Only the lines from the one that contains "THE MOST PROFITABLE" through the last line of the data below should be duplicated, exactly and without pictures.

→ Records:
===============
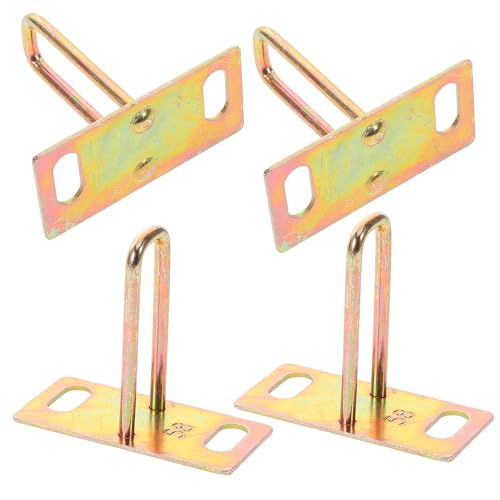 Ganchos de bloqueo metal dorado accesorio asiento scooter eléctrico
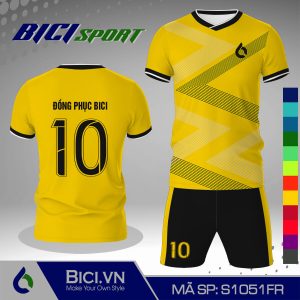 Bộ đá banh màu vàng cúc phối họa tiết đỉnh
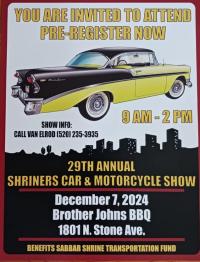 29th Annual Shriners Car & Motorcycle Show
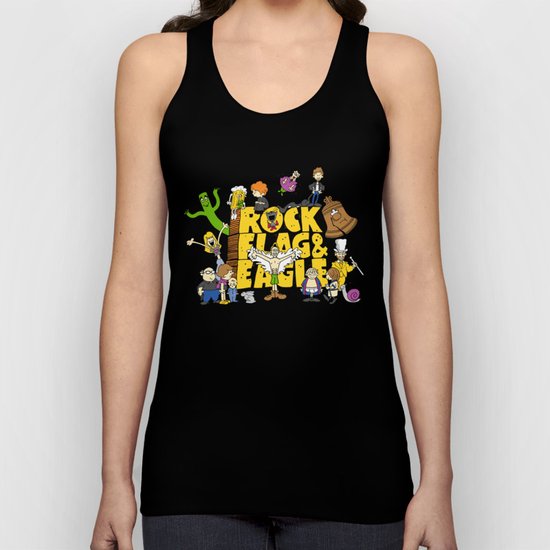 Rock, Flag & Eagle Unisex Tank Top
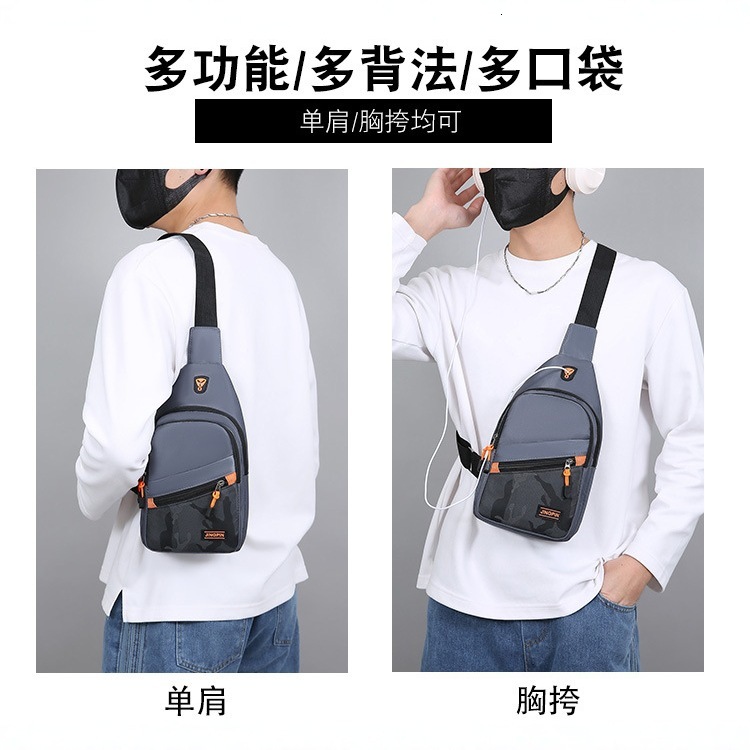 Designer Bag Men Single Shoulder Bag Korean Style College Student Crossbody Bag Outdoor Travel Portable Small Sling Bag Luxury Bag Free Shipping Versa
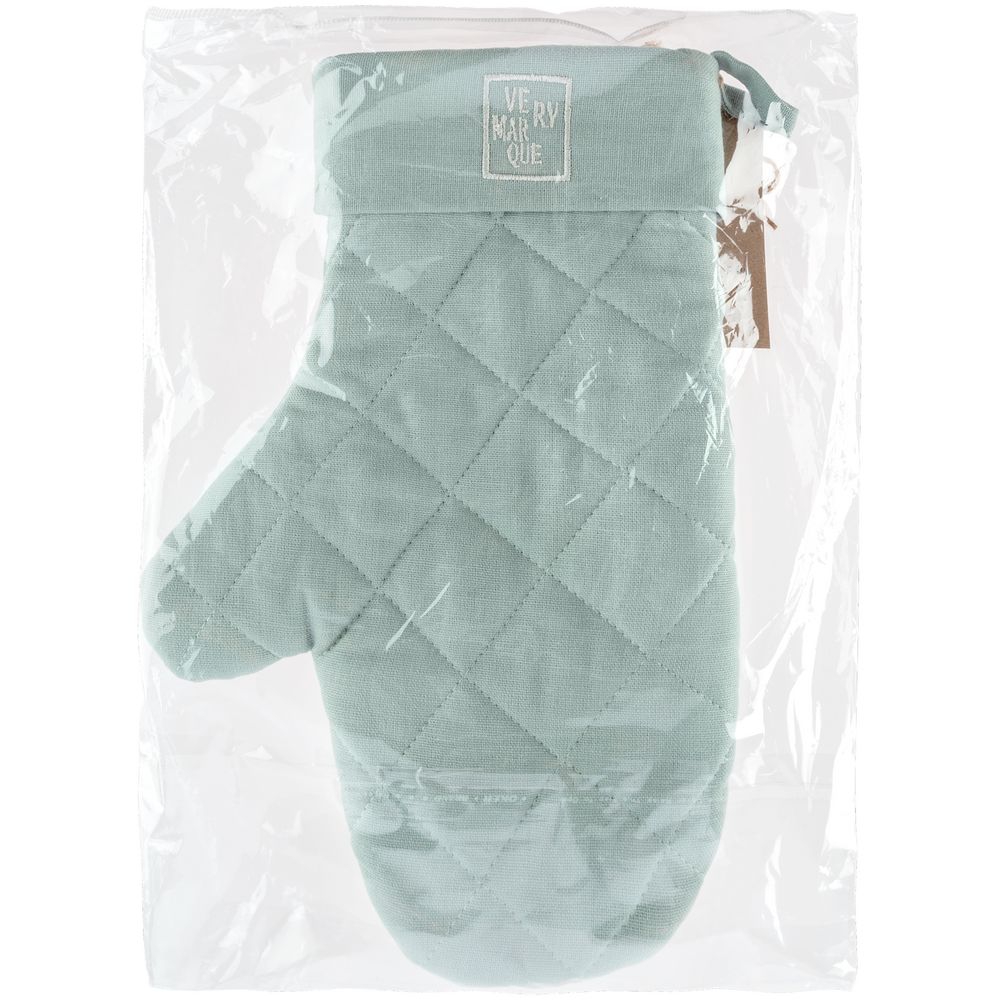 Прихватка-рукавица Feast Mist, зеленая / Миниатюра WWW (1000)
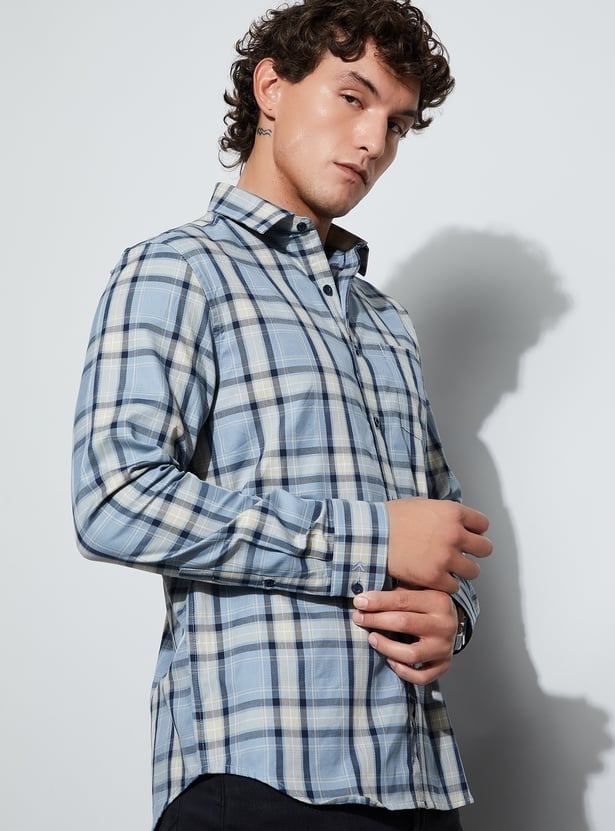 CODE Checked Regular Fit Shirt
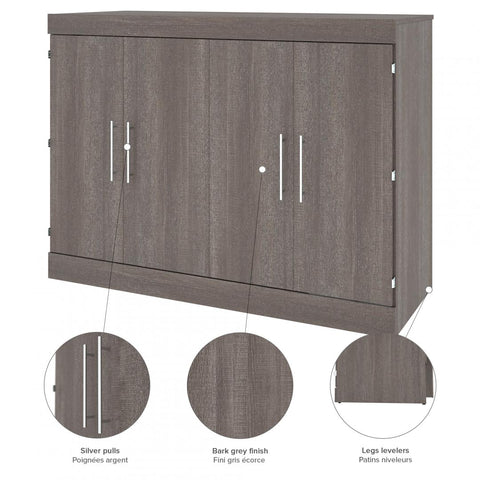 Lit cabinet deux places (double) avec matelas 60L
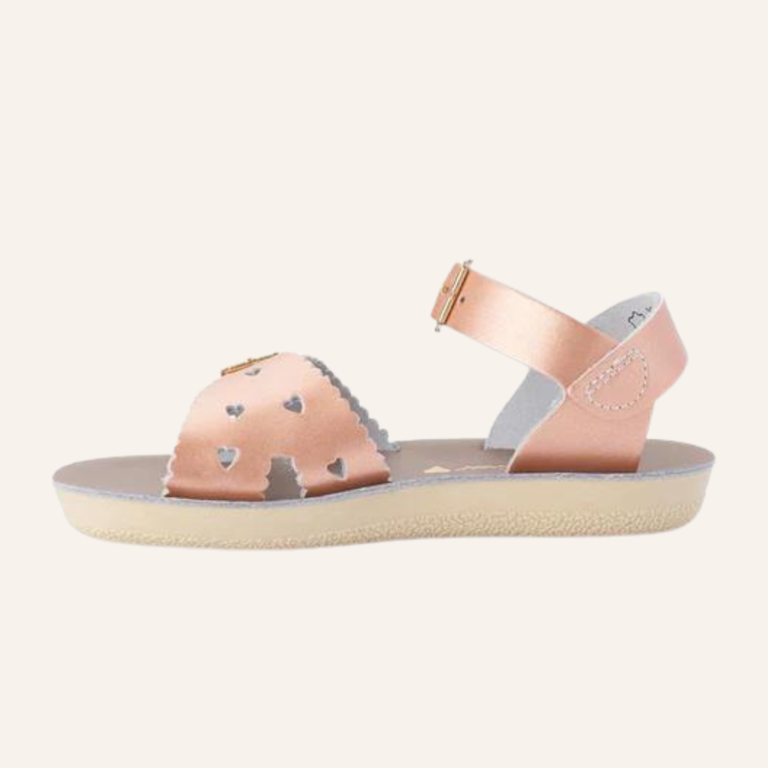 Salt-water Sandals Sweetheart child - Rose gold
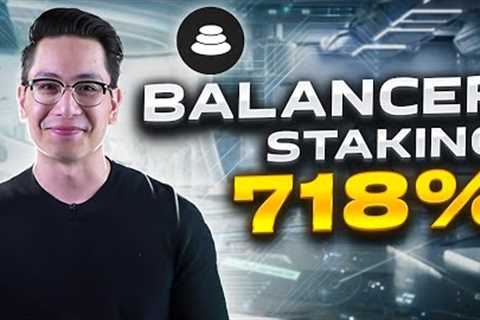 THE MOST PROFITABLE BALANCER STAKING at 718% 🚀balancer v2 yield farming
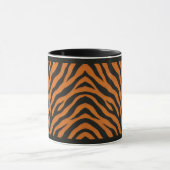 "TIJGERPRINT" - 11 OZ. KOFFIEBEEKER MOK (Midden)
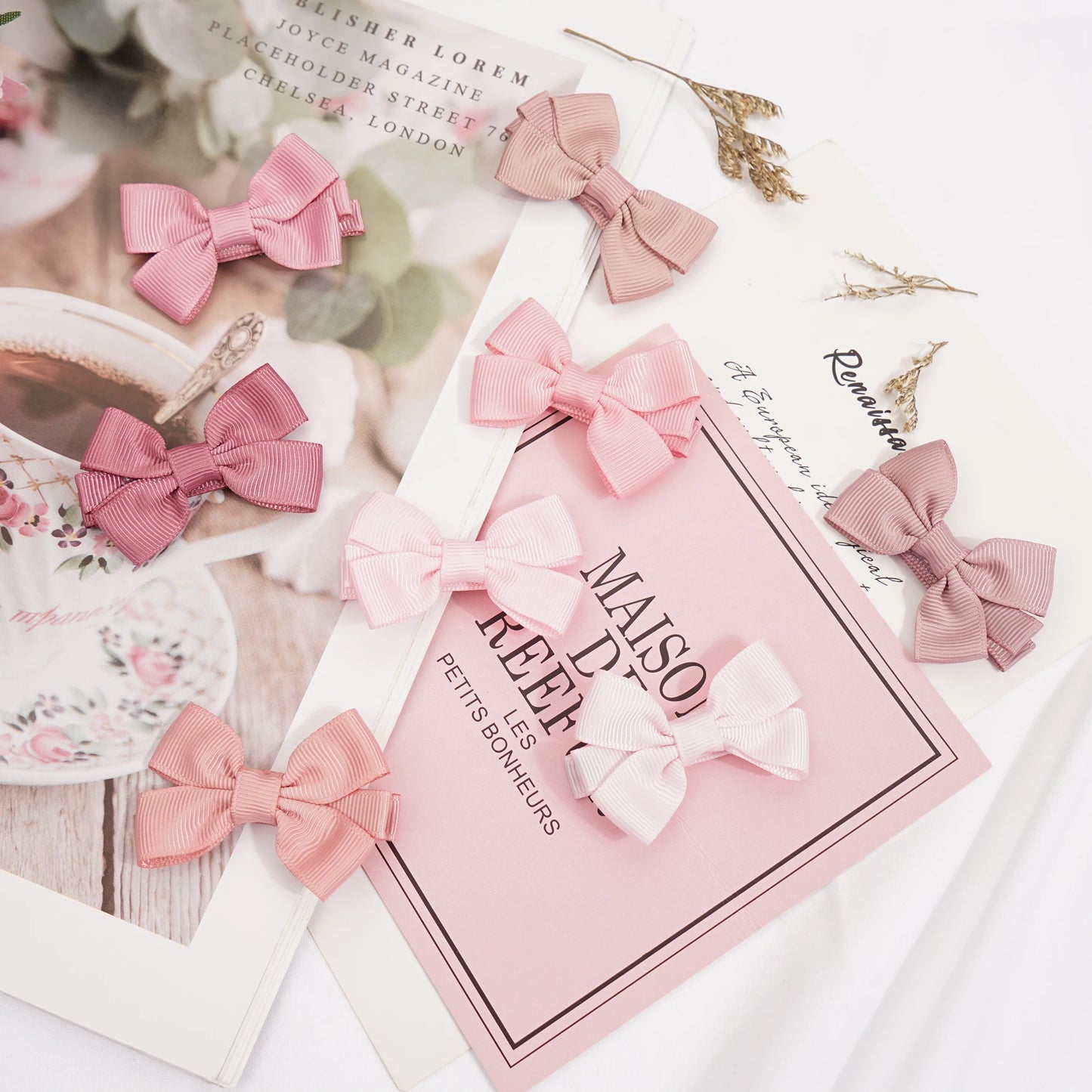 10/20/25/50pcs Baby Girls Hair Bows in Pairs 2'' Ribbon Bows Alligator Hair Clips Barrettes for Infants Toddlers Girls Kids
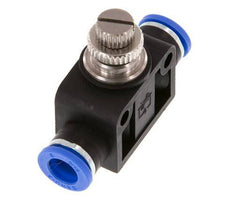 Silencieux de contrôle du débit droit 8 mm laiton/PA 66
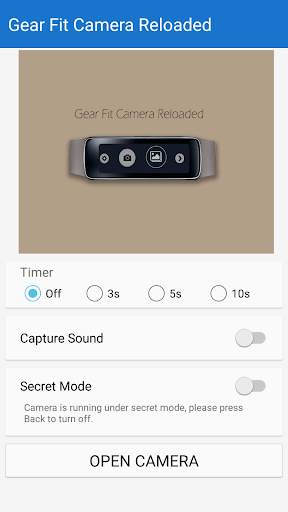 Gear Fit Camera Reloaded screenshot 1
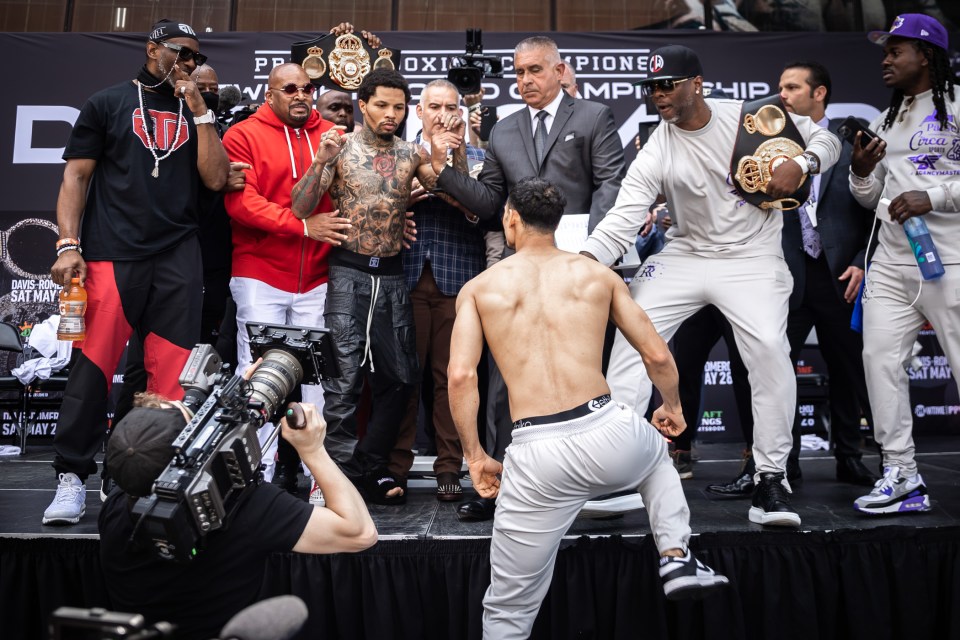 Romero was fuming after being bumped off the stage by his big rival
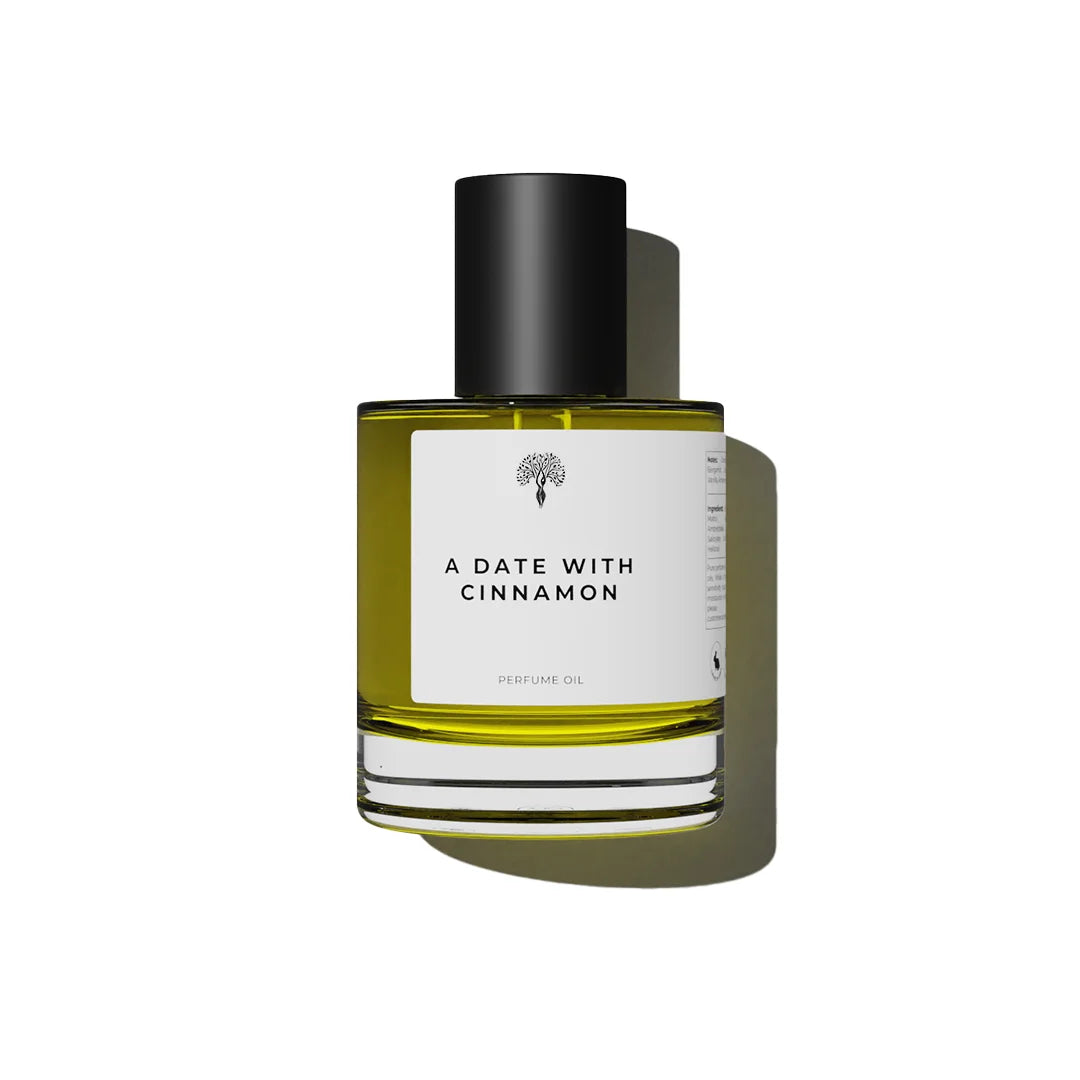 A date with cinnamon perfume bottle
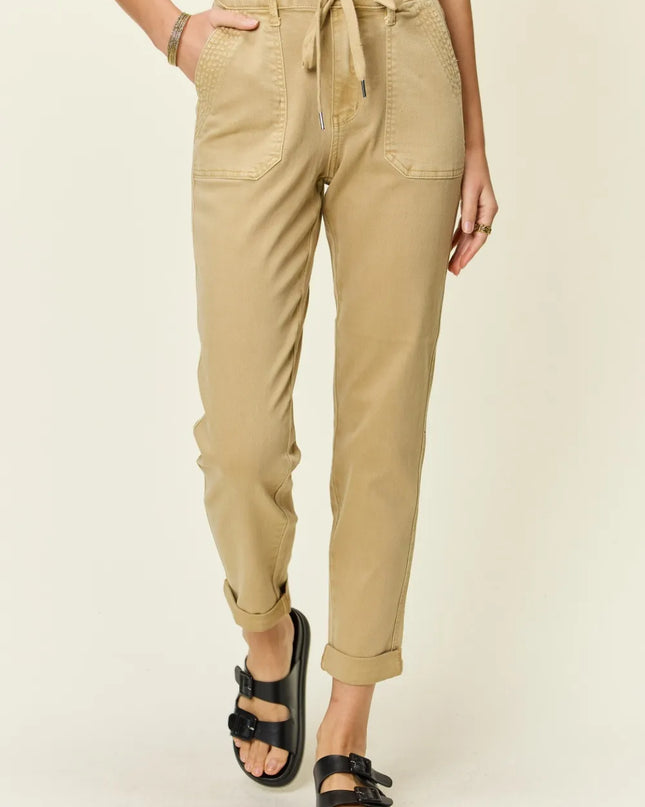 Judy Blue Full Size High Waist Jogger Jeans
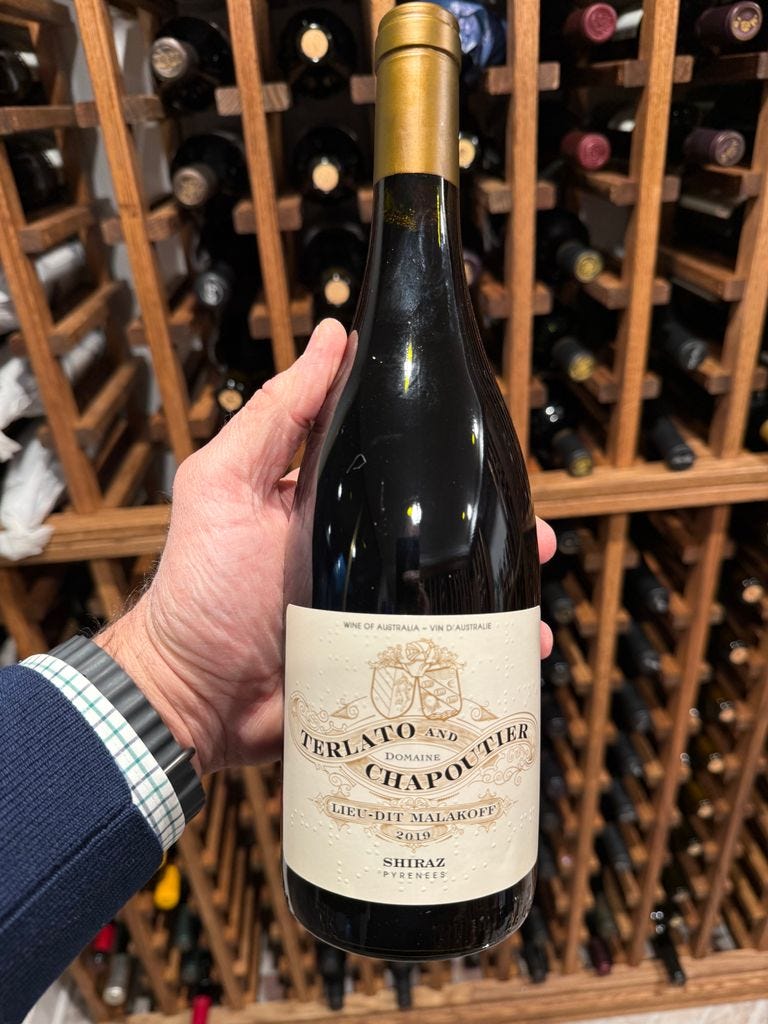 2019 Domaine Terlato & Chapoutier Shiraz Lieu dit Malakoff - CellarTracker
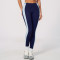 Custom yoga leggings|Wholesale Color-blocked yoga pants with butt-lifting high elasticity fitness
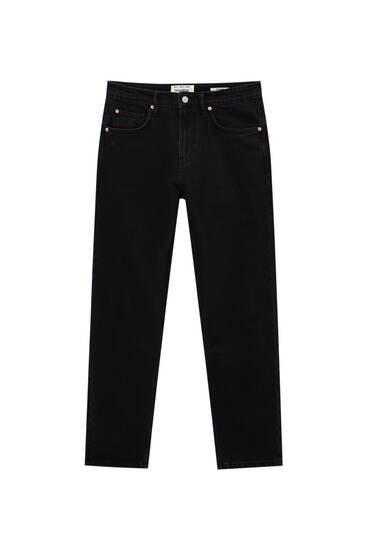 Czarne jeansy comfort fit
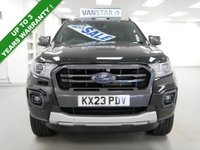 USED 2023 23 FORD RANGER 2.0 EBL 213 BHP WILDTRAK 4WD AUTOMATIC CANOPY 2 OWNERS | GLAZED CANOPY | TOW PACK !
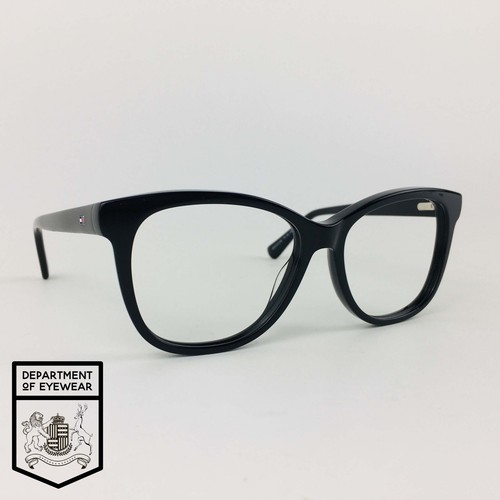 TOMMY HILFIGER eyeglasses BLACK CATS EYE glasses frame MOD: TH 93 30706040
===============
→ Task solution:
 THE MOST PROFITABLE BALANCER STAKING at 718% 🚀balancer v2 yield farming
 "TIJGERPRINT" - 11 OZ. KOFFIEBEEKER MOK (Midden)
 10/20/25/50pcs Baby Girls Hair Bows in Pairs 2'' Ribbon Bows Alligator Hair Clips Barrettes for Infants Toddlers Girls Kids
 Silencieux de contrôle du débit droit 8 mm laiton/PA 66
 Gear Fit Camera Reloaded screenshot 1
 Romero was fuming after being bumped off the stage by his big rival
 A date with cinnamon perfume bottle
 Judy Blue Full Size High Waist Jogger Jeans
 2019 Domaine Terlato & Chapoutier Shiraz Lieu dit Malakoff - CellarTracker
 Custom yoga leggings|Wholesale Color-blocked yoga pants with butt-lifting high elasticity fitness
 Czarne jeansy comfort fit
 USED 2023 23 FORD RANGER 2.0 EBL 213 BHP WILDTRAK 4WD AUTOMATIC CANOPY 2 OWNERS | GLAZED CANOPY | TOW PACK !
 TOMMY HILFIGER eyeglasses BLACK CATS EYE glasses frame MOD: TH 93 30706040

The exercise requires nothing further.